Diaspore may not be one of the most notable or popular minerals, but it has many unique and interesting features. Where more popular minerals like azurite have more complex histories and diverse uses, diaspore’s unique characteristics and physical properties have fascinated geology enthusiasts for over two hundred years.
Below, we will explore the history of this interesting mineral.
Diaspore: A Brief History
Like most minerals, diaspore’s history likely dates back before recorded time. The first recorded description of the stone came in 1801, however. It is believed that the first occurrence of the mineral was in Sverdlovsk Oblast, Russia – approximately 1,800 km (1,118.5 miles) west of Moscow.

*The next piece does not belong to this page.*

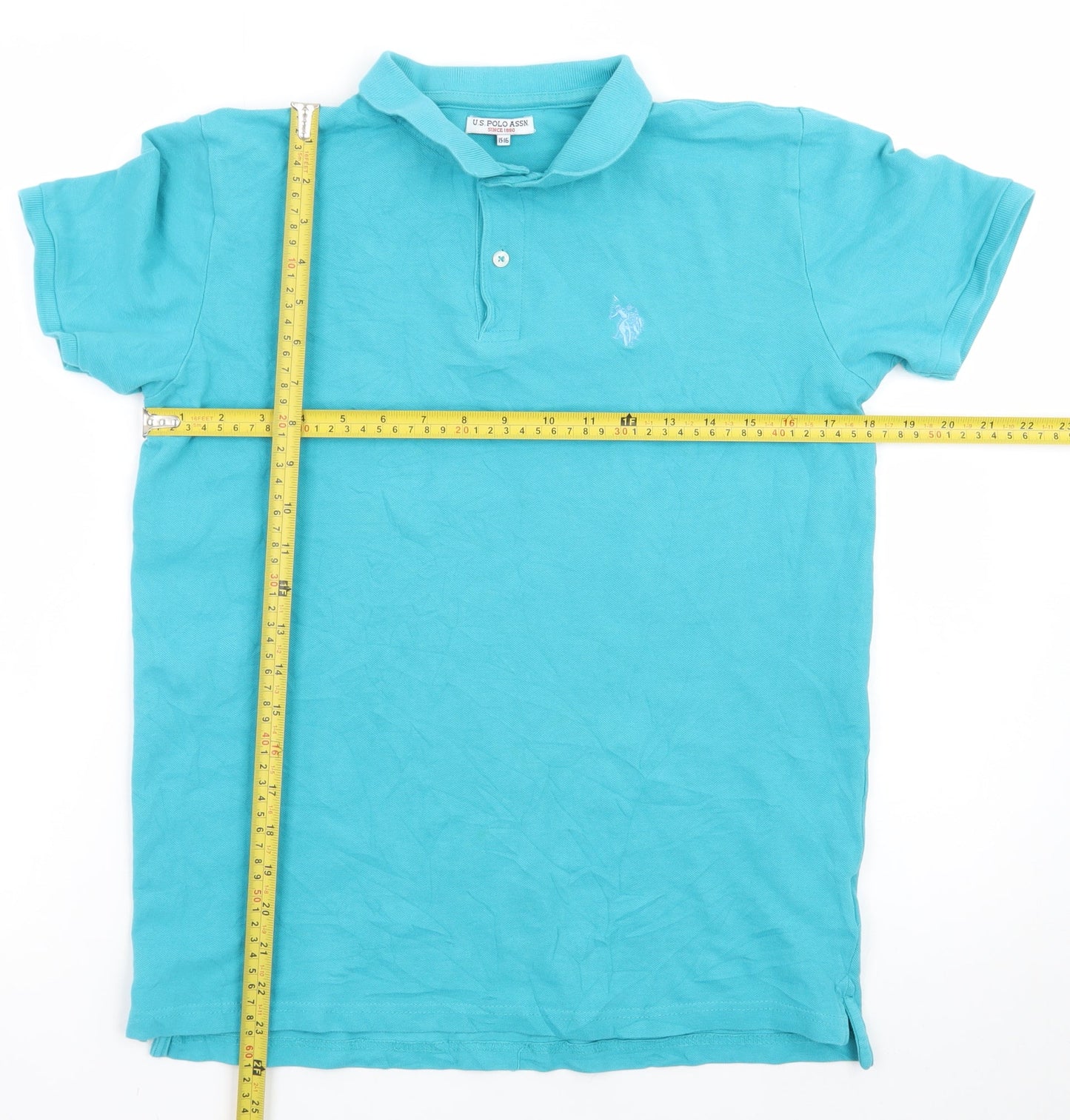 U.S. Polo Assn. Boys Blue 15-16 Years Cotton Short Sleeve Polo Shirt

René Just Haüy, a French minerologist and priest, is credited with coining the term after the Greek word διασπείρειν, which translates to “to scatter” or “disperse.”

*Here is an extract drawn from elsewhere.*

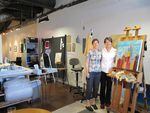 Lisa (left) and Lori Lubbesmeyer (right) at their studio in Bend.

While it has been suggested that the name came from the way the rock displaces (or “scatters”) light, Haüy likely gave diaspore its name based upon the sound the mineral makes when disintegrating when exposed to heat.

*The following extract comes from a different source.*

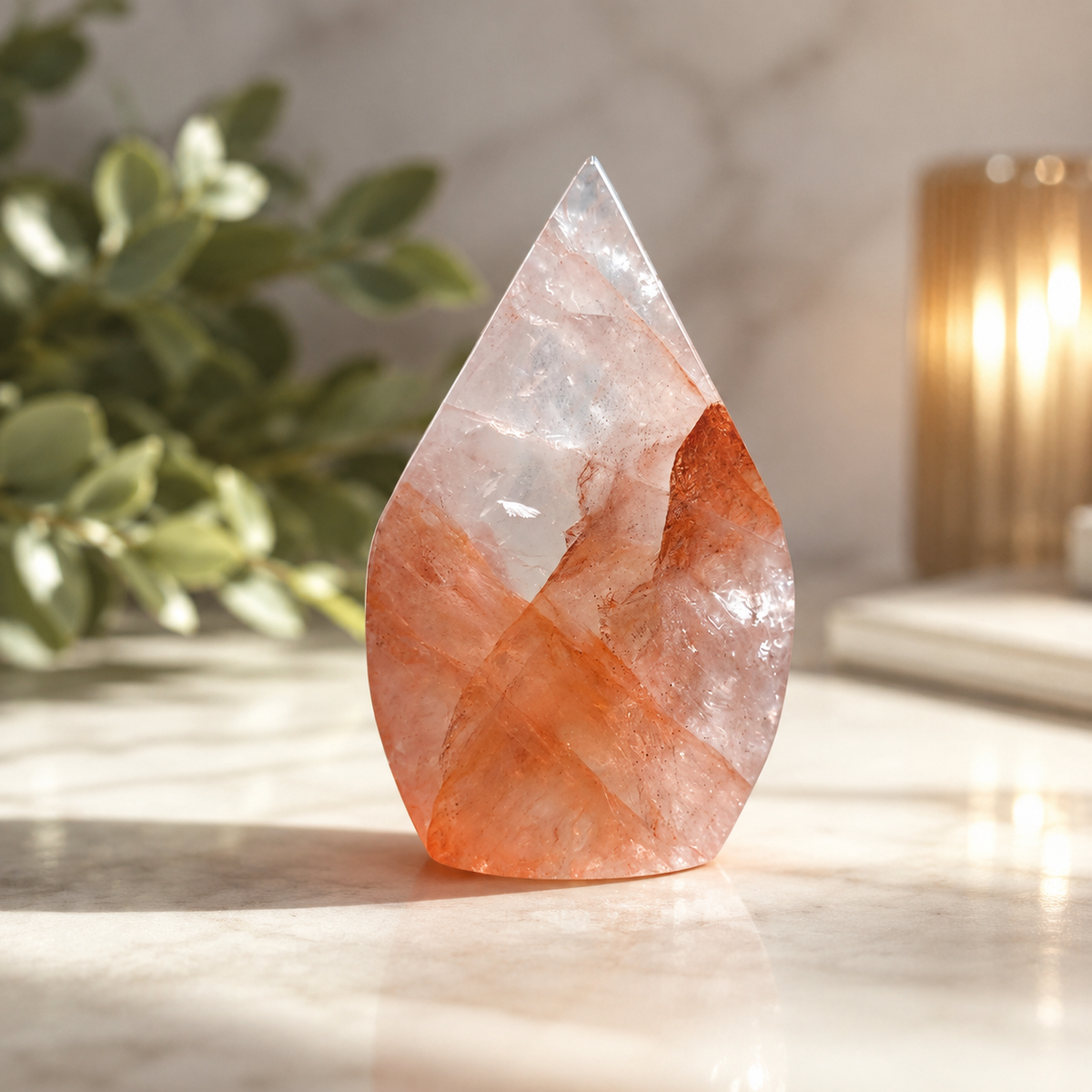 99g Fire Quartz flame crystal with red hematite inclusions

At the time of diaspore’s discovery in Russia, it was generally considered to be a fairly rare mineral. It has since been discovered in multiple locations across Asia and North America, however, and is believed to be far more common that originally suggested.
Diaspore is an important ore of aluminum and is used in the production of aluminum metal. In 1893, diaspore deposits were discovered in the Bauxite Hills of Les Baux-de-Provence in southern France. These deposits were found to contain large amounts of aluminum, and the discovery of diaspore in Les Baux-de-Provence led to the development of the modern aluminum industry.
Today, diaspore is primarily mined in Turkey, where it is found in large quantities. It is also mined in other parts of the world, including Russia, Greece, and the United States. The largest known deposit of diaspore is located in the Gökçetepe mine in the Mugla Province of southwestern Turkey.
In addition to its use in the production of aluminum, diaspore has other uses as well. It is used as a gemstone and is known for its unique color-changing properties. It is also used in the manufacture of ceramics and as a polishing agent.
Diaspore Cost and Market
If you happen to be holding diaspore, there is good news: it is considered a desirable stone that is relatively rare. As such, you might be able to secure it for a higher price on the market. The downside, obviously, is that you might be paying more if you are trying to purchase the stone for the first time.
While diaspore won’t cost anywhere near as much as diamonds, the cost can range from around forty dollars to several hundred for each carat. If you are finding diaspore for considerably less – say, under five dollars per carat – you are likely not dealing with a high quality stone.
As with all stones, it is important to speak with a specialist before making any major purchases.
Alternative Names for Diaspore
Here’s a fun fact that many might not know.
On the market, you can often find diaspore sold under a couple different names. Those names include csarite and zultanite.
That said, these alternative names are most commonly used when referring to stones derived from the Aydin and Mugla regions of southeast Turkey.
Where is Diaspore Found Naturally?
For collectors and enthusiasts, it is worth noting that diaspore occurs naturally in a variety of locations, including:
- Russia: Primarily in the Ural Mountains, a chain running north-to-south in west/west-central Russia
- Brazil: Occurs in Bahia state, located on the eastern shore of the country
- China: Typically in the Guangxi and Hunan provinces
- United States: Interestingly, diaspore has been found in both Colorado and California but also North Carolina
Prevalence: Is it Rare?
Now, the catch is that diaspore, despite being found in numerous locations, is not typically found in large quantities.
If you are sitting on a collection of quality stones, then, you may see their value increase with time.